The present invention concerns novel l-phenyl-2-monoalkylcarboxylic acids, pro-drugs and bioisosters on the carboxylic moiety thereof. The invention is also directed to the process for their preparation and the use thereof in the preventive or therapeutical treatment of neurodegenerative diseases, in particular Alzheimer's disease. INTRODUCTION

Alzheimer's disease is a neurodegenerative disorder characterized by atrophy of the cerebral cortex and by a massive loss of cortical neurons and cholinergic projections of the nucleus basalis towards the cortex. From a histopathologic point of view there is a diffuse presence of extracellular and perivascular neuritic plaques and intracellular neurofibrillary tangles in the cerebral parenchyma of Alzheimer patients.

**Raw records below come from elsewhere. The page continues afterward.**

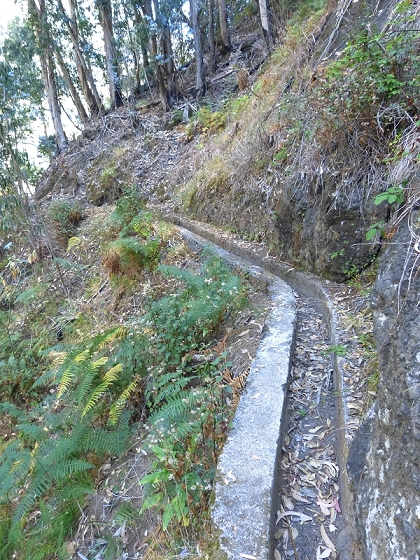 23 July 2013 Levada do Curral e Castelejo — From the Faja basin to the crux — photo 11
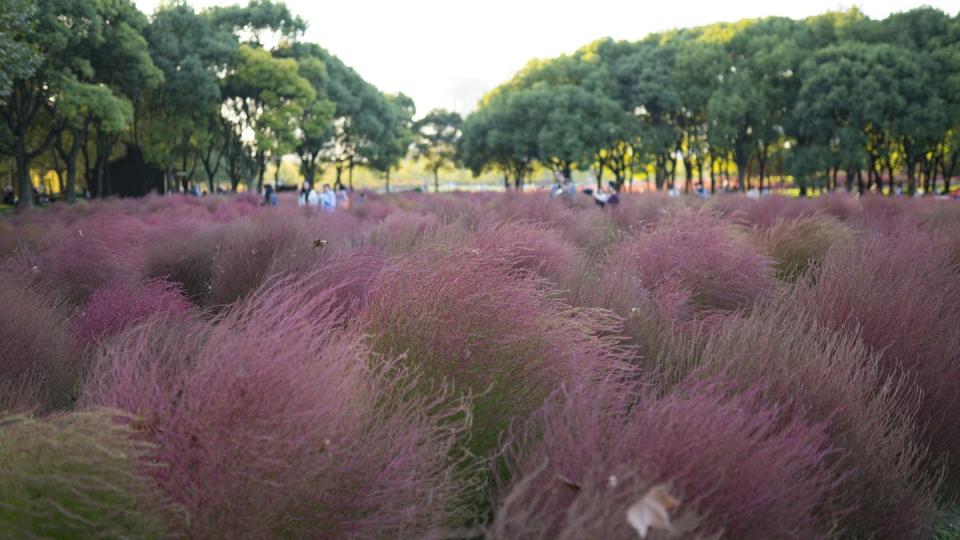 a mass planting of pink muhly grass autumn flowers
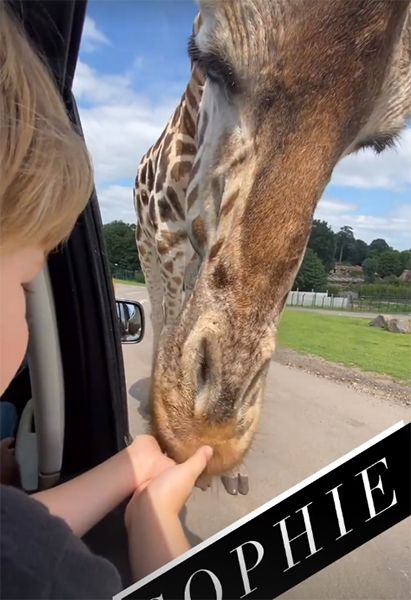 cat deeley son feeding giraffe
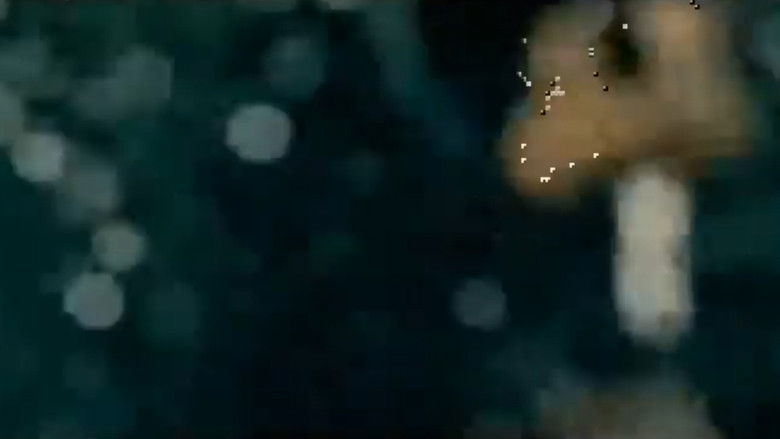 кадр из фильма Compression Study #1 (Untitled data mashup)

Neuritic plaques are mainly composed of aggregates of a protein with 39-43 amino acid residues known as β-amyloid (βA), and, depending on the numbers of aminoacids, Aβ₃₉, Aβ₄₀, Aβ₄₂ and Aβ₄₃.

In addition to these histopathologic lesions, there is lack in some neurotransmitters, particularly acetylcholine, serotonin, noradrenalin, dopamine, glutamate and substance P. The pharmacological approaches aimed at increasing acetylcholine cerebral levels, mainly through acetylcholine- esterase inhibitors, attained poor results from the clinical standpoint, or anyhow results which cannot significantly prevent the progress of the disease. For this reason, in recent years interest has been focused on the mechanisms of formation of the main pathologic lesions in the brain of the patients, namely both neuritic plaques and neurofibrillary tangles, and more effective therapeutical approaches have been looked for. PRIOR ART

Epidemiological studies evidenced that chronic administration of non steroid anti-inflammatory drugs (NSAIDs) significantly decreases the onset of Alzheimer's disease in the population regularly taking these drugs. The mechanism underlying such NSAID preventive action has not been fully elucidated yet, but is apparently connected with their ability of inhibiting cyclooxygenase enzymes. More recently, a novel pharmacological action of some NSAIDs has been described: indomethacin, sulindac, ibuprofen and flurbiprofen can selectively reduce the production of the most neurotoxic isoform of β-amyloid peptide in cell cultures, namely the form containing 42 amino acids (Aβ₄₂), thus favouring the release of a less harmful isoform, Aβ₃₈ (Weggen et al., Nature 2001; 414 (6860): 212-6). However, the inhibition of the production of Aβ ₂, which can be ascribed to the interaction of these drugs with γ-secretase (a macromolecular/multiprotein enzymatic complex with aspartyl-protease activity) has been observed in vitro at very high concentrations. Plasma and cerebral levels corresponding to the dosages used in the in vitro experimentation could significantly increase in treated patients the risk of side effects typical of COX inhibitors, such as gastrointestinal bleeding and perforating ulcers.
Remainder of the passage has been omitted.